All studies show this: gender diversity enables organisations to perform better. However, women are underrepresented in the digital sector, and more particularly in cybersecurity. So, girls and ladies, dare to enter this rapidly expanding sector, which needs your skills in terms of know-how and interpersonal skills. I can never repeat it enough: “Who dares wins!”

Every 8 March, the place of women in society and in organisations is questioned. This International Women’s Rights Day questions clichés and the understanding of inequalities.

In the cybersecurity industry, the evidence is clear. Yes, there is a worldwide lack of women in the sector, even though cybersecurity is part of everyone’s daily life. I remind you that a cyberattack occurs every 39 seconds[1]. At the same time, the sector has only 24% women worldwide, and less than 11% are in management positions[2]. In France, the cybersecurity workforce is made up of barely 11% women, and only 2% of them are managers.

Yet women have been responsible for major advances in computing, such as Ada Lovelace (who created the first computer program in 1843), Mary Keller (who defended the first thesis in computer science), and Margaret Hamilton (a software pioneer whose program enabled humans to walk on the moon).

Statistics prove that gender diversity is important for success in general. The more different you are, the better you perform! The richness and creativity that comes from diversity actually means better solutions to users’ concerns. In terms of startups, those co-founded by women have a better return. For every dollar invested, funds recovered 0.78 cents for a women’s startup compared to 0.32 cents for a men’s startup[3]. However, access to funding (especially series > B) remains a key issue for women founders or co-founders of startups. Overall, investors continue to favour men’s teams, which represent more than 90% of the funds raised in 2020[4].

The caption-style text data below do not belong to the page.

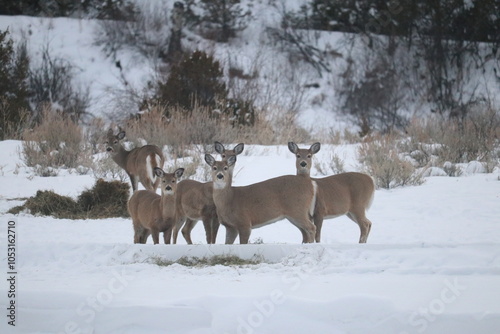 Herd of Deer in the Snow photo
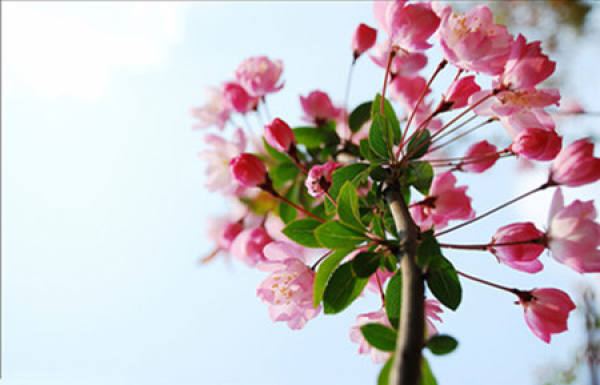Chinese flowering crabapple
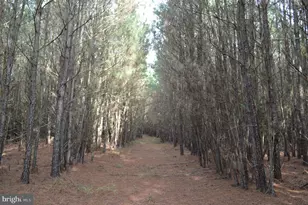 24959 Collins Wharf Rd, Eden, MD 21822 - Photo 11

What can we do to ensure that in the future, there are more women in cybersecurity, including in leadership and founding positions? Well, it all depends on you, girls and ladies! Many women shy away from science and careers in cybersecurity for fear of lacking the right skills. This fear is unfounded. Asserting your legitimacy and daring to enter this sector of the future with its many challenges and opportunities is one of the keys.

Multi-stakeholder actions relating to education and training, carried out by governments, companies, universities, schools, and associations, are necessary. Activities such as awareness-raising and introduction to coding, from the earliest age to primary and secondary school, are priorities in the fight against stereotypes. The challenge is to change the outdated image of the “geek” and encourage vocations in this “cyber” sector where the unemployment rate is 0%.

In addition to raising awareness among pupils and teachers in schools, it is important that parents and families also take up the subject. They are the main influencers in terms of guidance. We need to repeat to girls that they can go into these professions. Today, only 33% of girls are encouraged by their parents to go into the digital professions, compared to 61% of boys… At the same time, 37% of female high school students are considering going to a computer science or engineering school, compared to 66% of boys[5].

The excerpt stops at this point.